TLDR; Robert C. Martin adviced here: http://blog.cleancoder.com/uncle-bob/2014/05/08/SingleReponsibilityPrinciple.html to split the multi responsibility classes into "single reason to change"-classes. It was not explained, how properties(data), used by more than one of the splitted parts, should be organized/stored/passed on. I tried to explain the matter by an example and discussed possible solutions.

Accepted Answer: Doc Brown pointed out, my approach was similiar to the "pipes & filters" architecture. He suggested a functional approach where each Single Responsibility class gets the data, it operates on, handed as parameter. This is organized by overseeing methods which handle each a business case. Read and upvote his great answer below for details.

Original question

I have read a lot about separating methods and function into "single reason to change" classes. But when it comes to data, I find very little details. I am not sure where to put the data, each separated part needs as Input and provides as Output

An example scenario:

I got a data source, a list of some kind, maybe in a csv or excel format. Requirements could be:

import the file (Import)
check the list for certain conditions (business logic, validation)
calculate stuff based on a few fields (business logic)
convert the list to a different format, e.g. json (business logic, conversion)
write the changed list to the excel file (Output)
write the changed list to the json (Output)
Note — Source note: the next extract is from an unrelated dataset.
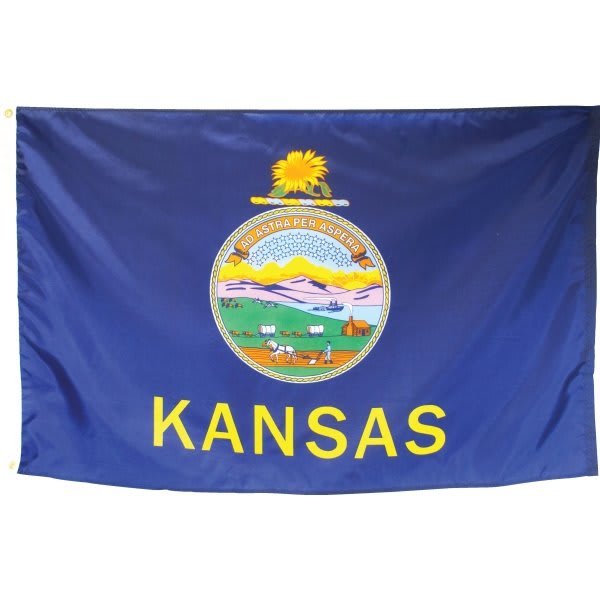 Valley Forge Flag State Flag Kansas 5' X 3'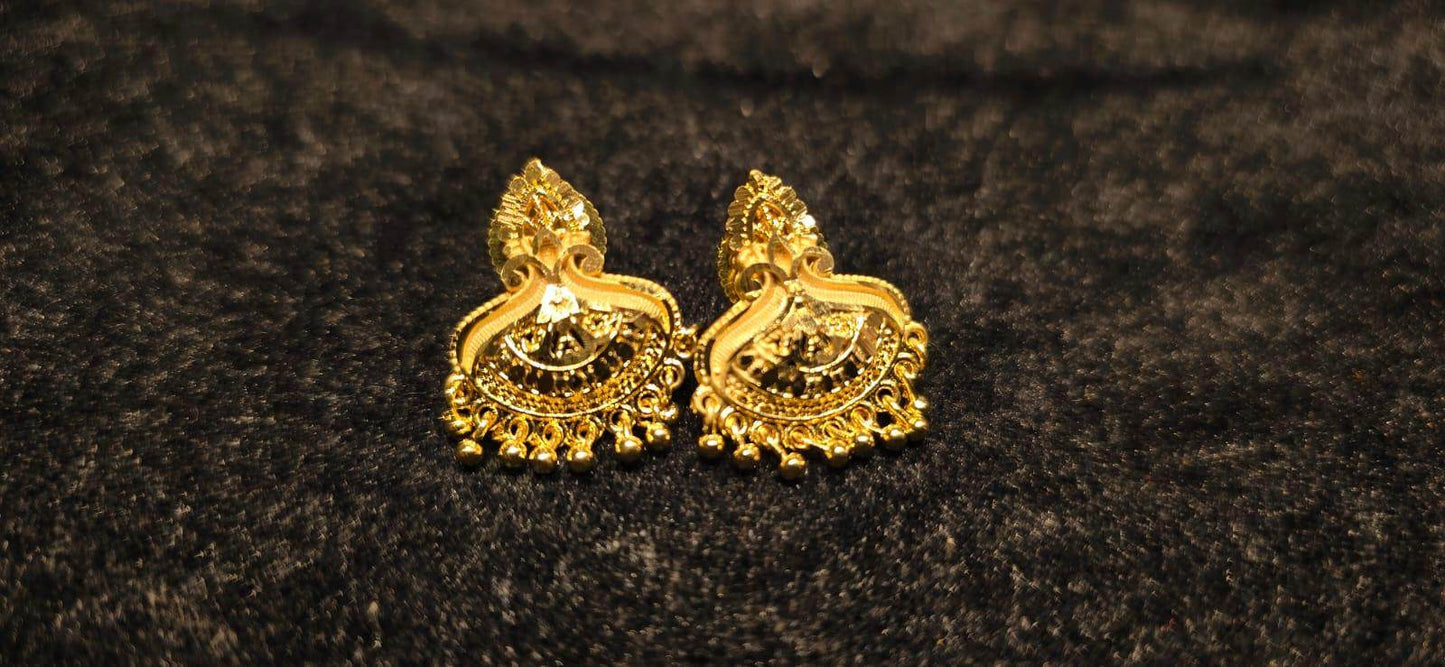 Elegant Gold-Plated Pasha Earrings – Timeless Luxury & Charm - Mirpur Jewelry City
I would divide the responsibility into following parts(Lets call them "Helpers"):

Import/Export of the List -> ListSerializer (produces List from disk)
Check the List ->ListChecker (takes List, produces ErrorList)
Apply business logic to the List->ListProcessor (takes List and ErrorList, produces List (with changes))
Convert the List to JSONList ->ListToJSONListConverter (takes List(with changes), produces JSONList)
Export the JSONList to file ->JSONListSerializer (takes JSONList, writes to disk)

AFAIK a classical SRP design. changes to the list format, check logic, business logic or JSONformat requiring to change very few classes

Now I want to implement it. All classes get Interfaces for exposing their function. An Orchestrating Class (lets call it "Superior") is created to handle user input/other triggers and calling the sub routines This class needs to know every interface of the "Helpers"(so it can call the methods) and must be initialized with concrete objects (implementations of the interfaces) by the init logic lets call it "Boss". Basic Dependency Injection stuff.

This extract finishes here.